### Problem
Go through the records and give each one again exactly, omitting the images.

[Brief descriptive captions]
__________
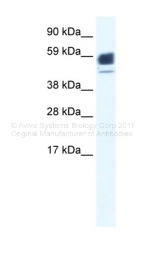 ARP34910_P050 - Acetylcholine receptor alpha subunit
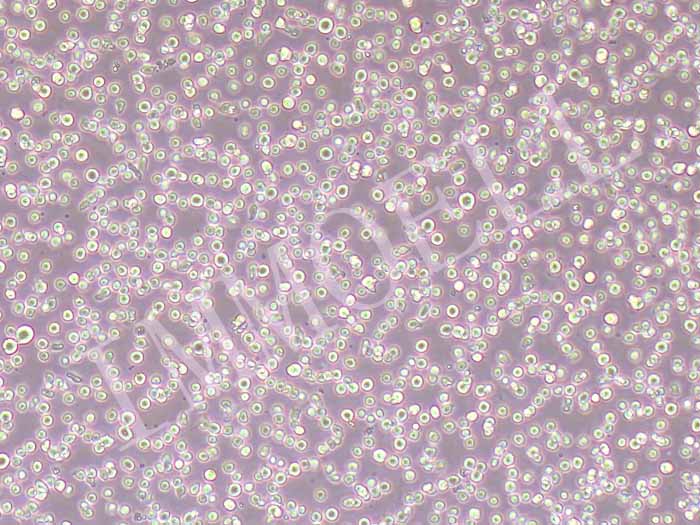 CEM/C1细胞细胞图片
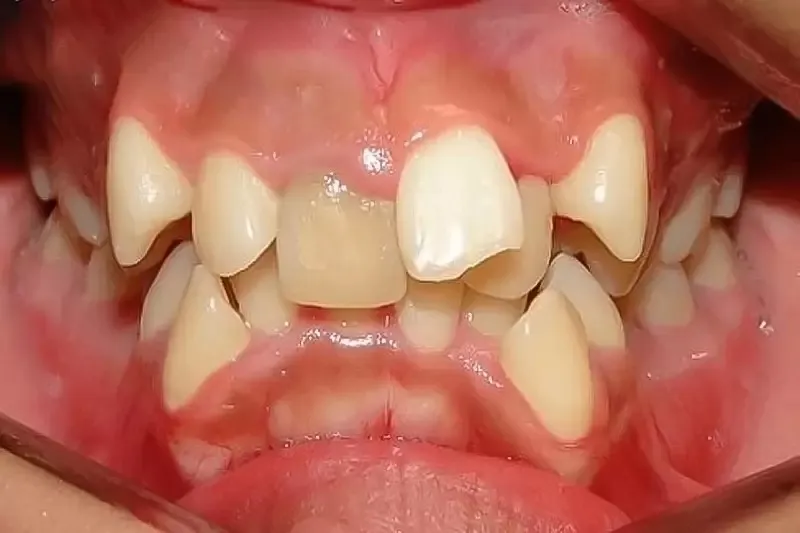 Răng lòi xỉ phải làm sao? Nguyên nhân và cách điều trị 6 Răng bị lòi xỉ có nguy hiểm không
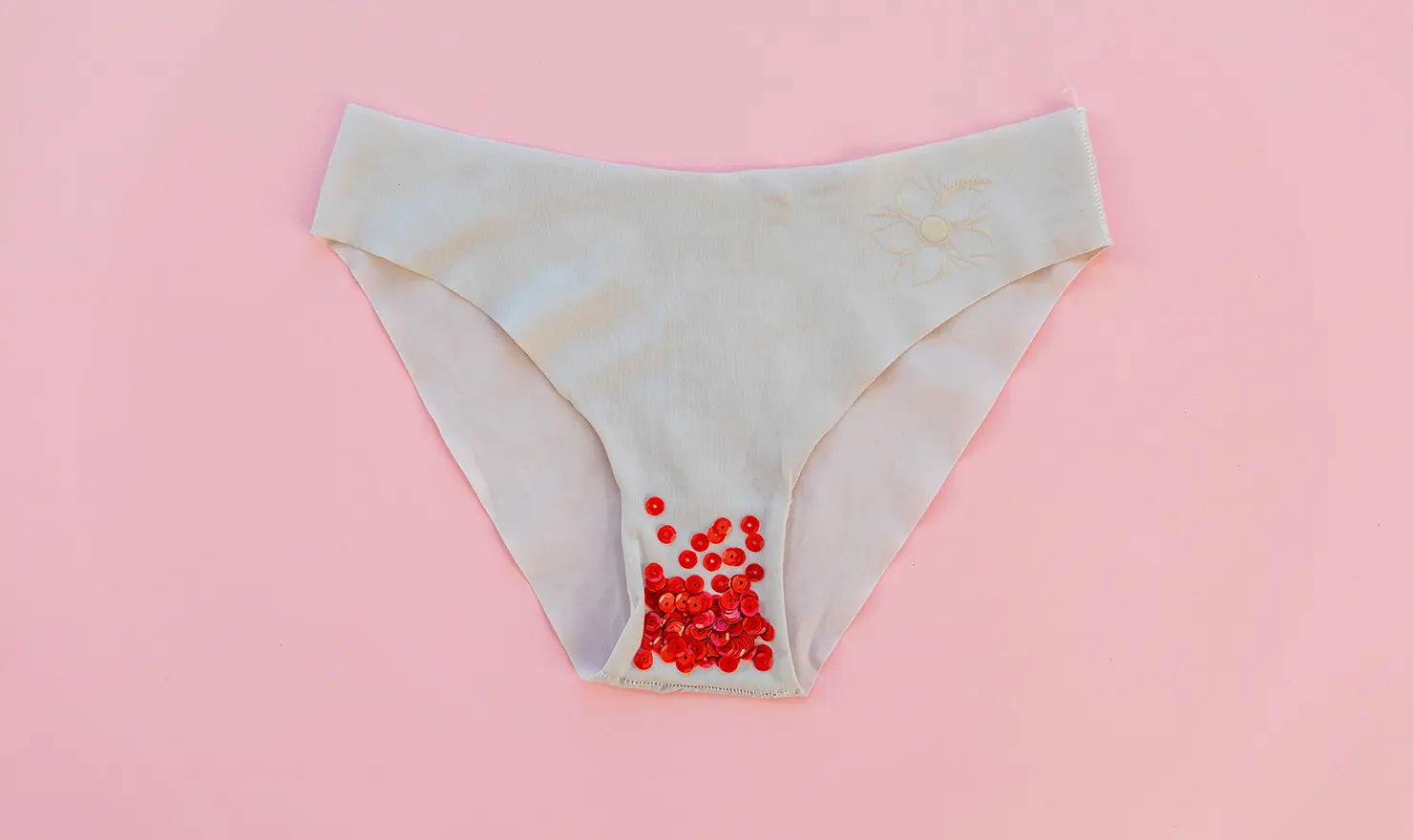 Vulvar Egzama (Rahim Egzaması)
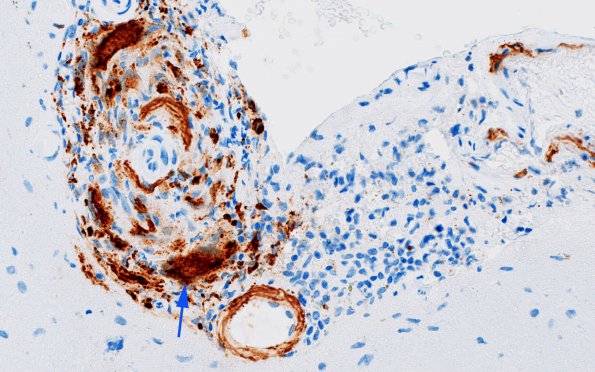 9C2 ABRA (Case 9) B-amyloid 3 copy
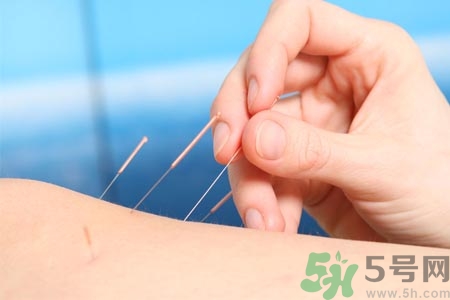 針灸一次要扎多長時(shí)間？針灸可以幾天做一次？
__________
### Solution for this problem
 ARP34910_P050 - Acetylcholine receptor alpha subunit
 CEM/C1细胞细胞图片
 Răng lòi xỉ phải làm sao? Nguyên nhân và cách điều trị 6 Răng bị lòi xỉ có nguy hiểm không
 Vulvar Egzama (Rahim Egzaması)
 9C2 ABRA (Case 9) B-amyloid 3 copy
 針灸一次要扎多長時(shí)間？針灸可以幾天做一次？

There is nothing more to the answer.